René Garrec (24 December 1934 – 12 October 2023) was a French politician who was a member of the Senate, representing the Calvados department as a member of The Republicans. He died in Paris on 12 October 2023, at the age of 88.

==Biography==
Born in Brittany, René Garrec pursued his career in Normandy after spending 30 months in Algeria as an officer in the army. With a law degree, a postgraduate degree in public law and political economy, and a diploma from the Caen Institute of Business Administration (IAE), he became an assistant lecturer and then a lecturer in economics at the University of Caen Normandy. In 1969, he was elected city councilor of Caen.

Subsequently, his career became inseparable from that of Michel d'Ornano, the influential mayor of Deauville. He followed him to the Ministry of Industry, then to the Ministry of Culture and the Environment as a special advisor.

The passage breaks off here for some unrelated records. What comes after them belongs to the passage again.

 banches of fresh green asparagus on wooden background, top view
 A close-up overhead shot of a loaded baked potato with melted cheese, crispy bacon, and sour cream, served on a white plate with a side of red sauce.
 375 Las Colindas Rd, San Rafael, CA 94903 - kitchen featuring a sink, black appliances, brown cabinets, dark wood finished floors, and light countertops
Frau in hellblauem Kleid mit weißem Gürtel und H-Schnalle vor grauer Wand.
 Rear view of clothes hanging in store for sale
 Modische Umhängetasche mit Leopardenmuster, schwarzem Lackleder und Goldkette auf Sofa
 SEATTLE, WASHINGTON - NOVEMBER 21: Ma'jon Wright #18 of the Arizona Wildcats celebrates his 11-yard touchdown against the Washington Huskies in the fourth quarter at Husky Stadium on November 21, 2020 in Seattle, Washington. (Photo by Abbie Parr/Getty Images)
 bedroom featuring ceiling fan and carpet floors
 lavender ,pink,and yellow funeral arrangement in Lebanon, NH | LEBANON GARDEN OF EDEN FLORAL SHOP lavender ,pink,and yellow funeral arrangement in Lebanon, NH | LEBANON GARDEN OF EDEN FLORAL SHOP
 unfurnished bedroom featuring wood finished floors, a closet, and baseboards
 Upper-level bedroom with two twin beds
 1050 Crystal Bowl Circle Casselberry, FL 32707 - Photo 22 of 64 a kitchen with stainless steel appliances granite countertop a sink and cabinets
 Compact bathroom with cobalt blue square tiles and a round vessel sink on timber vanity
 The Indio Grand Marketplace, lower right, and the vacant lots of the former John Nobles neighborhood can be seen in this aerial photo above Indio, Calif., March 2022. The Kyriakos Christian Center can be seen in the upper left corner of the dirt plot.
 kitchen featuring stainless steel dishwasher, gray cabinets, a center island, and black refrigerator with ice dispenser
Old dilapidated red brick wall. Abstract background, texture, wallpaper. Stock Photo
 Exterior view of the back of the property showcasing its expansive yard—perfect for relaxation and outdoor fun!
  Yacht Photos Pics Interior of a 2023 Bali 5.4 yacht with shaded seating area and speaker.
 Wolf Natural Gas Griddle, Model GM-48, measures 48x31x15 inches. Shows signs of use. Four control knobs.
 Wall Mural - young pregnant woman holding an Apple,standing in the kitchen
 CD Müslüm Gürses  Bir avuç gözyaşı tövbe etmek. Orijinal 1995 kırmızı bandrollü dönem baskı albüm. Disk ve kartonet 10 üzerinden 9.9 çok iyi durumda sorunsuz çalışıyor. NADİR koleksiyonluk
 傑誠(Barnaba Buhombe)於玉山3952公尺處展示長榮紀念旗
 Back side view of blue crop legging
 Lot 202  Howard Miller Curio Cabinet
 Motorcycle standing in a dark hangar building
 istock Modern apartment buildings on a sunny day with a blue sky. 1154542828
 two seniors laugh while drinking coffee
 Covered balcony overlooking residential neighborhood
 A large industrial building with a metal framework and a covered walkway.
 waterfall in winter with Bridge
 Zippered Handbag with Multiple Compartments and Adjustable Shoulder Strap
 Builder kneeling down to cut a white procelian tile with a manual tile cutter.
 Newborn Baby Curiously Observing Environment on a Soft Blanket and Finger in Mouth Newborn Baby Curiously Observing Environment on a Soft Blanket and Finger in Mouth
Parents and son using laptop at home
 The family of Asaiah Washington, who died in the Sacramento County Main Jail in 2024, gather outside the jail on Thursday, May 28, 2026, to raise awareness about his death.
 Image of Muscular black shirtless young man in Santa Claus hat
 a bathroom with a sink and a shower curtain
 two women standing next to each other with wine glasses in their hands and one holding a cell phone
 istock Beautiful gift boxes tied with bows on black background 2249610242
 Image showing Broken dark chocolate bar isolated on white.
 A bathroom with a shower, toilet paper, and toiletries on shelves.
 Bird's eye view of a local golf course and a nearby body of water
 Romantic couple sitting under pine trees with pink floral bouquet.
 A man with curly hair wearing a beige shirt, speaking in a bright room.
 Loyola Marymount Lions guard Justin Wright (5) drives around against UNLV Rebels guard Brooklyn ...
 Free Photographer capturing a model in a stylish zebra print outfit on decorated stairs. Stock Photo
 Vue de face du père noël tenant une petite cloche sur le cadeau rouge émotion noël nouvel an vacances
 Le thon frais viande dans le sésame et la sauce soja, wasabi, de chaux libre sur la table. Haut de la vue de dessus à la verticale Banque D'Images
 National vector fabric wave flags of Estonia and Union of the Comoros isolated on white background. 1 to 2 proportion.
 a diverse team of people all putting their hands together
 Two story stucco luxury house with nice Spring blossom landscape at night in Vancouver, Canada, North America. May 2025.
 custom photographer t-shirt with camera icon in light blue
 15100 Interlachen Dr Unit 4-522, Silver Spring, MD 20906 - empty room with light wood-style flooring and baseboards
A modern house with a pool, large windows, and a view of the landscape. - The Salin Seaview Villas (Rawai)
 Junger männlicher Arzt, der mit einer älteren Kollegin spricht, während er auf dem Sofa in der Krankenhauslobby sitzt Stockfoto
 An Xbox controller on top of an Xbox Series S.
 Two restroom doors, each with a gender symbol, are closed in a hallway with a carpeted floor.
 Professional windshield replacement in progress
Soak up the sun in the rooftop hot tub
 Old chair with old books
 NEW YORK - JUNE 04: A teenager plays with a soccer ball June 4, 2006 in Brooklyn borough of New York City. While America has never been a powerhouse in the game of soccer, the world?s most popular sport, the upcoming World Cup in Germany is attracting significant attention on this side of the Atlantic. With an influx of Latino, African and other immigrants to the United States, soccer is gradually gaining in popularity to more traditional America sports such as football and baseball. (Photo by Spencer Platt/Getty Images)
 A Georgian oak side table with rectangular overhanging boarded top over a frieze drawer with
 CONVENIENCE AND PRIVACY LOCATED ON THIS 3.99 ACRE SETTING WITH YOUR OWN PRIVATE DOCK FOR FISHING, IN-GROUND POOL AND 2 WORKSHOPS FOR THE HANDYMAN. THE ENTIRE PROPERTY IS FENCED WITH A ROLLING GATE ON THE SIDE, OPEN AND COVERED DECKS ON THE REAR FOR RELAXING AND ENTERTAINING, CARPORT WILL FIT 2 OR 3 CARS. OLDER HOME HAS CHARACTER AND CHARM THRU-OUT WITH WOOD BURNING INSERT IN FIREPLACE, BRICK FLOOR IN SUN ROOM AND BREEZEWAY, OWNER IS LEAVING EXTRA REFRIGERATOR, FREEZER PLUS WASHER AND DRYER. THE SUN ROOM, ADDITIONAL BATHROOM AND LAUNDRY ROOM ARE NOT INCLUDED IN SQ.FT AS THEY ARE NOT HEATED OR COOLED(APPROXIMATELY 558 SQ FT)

In 1986, Garrec took his place in the Lower Normandy region and remained president of the regional council for 18 years, before being defeated in 2004 by the socialist Philippe Duron, who took advantage of the wear and tear of power and the division of the regional right between René Garrec and the UDF's Philippe Augier.

Elected deputy for Calvados in 1988, re-elected in 1993 against Olivier Stirn with 55.25% of the vote, he was narrowly defeated in June 1997 by the radical Alain Tourret. He became senator for Calvados on September 27, 1998, and was re-elected on September 21, 2008, beating socialist Clotilde Valter by just 62 votes, thanks to the support of Green Party candidate Josiane Lowy in the second round. His deputy in the Senate is Pascal Allizard, mayor of Condé-sur-Noireau and vice-president of Anne d'Ornano in the Calvados General Council. On October 1, although he was not a candidate for the “plateau,” he received 19 votes in the election for Senate president, which was ultimately won by former minister Gérard Larcher. He also chaired the Senate Law Commission, then served as first quaestor of the Senate and then second quaestor.

Close to Jacques Chirac and Jean-Pierre Raffarin, he simultaneously joined the Council of State as a maître des requêtes (senior clerk), then became a conseiller d'État (senior advisor) in 1997. He retired in 2000.

He is not running for re-election to the Senate in September 2014, but is supporting Pascal Allizard list.

He died on October 12, 2023, at the age of 88.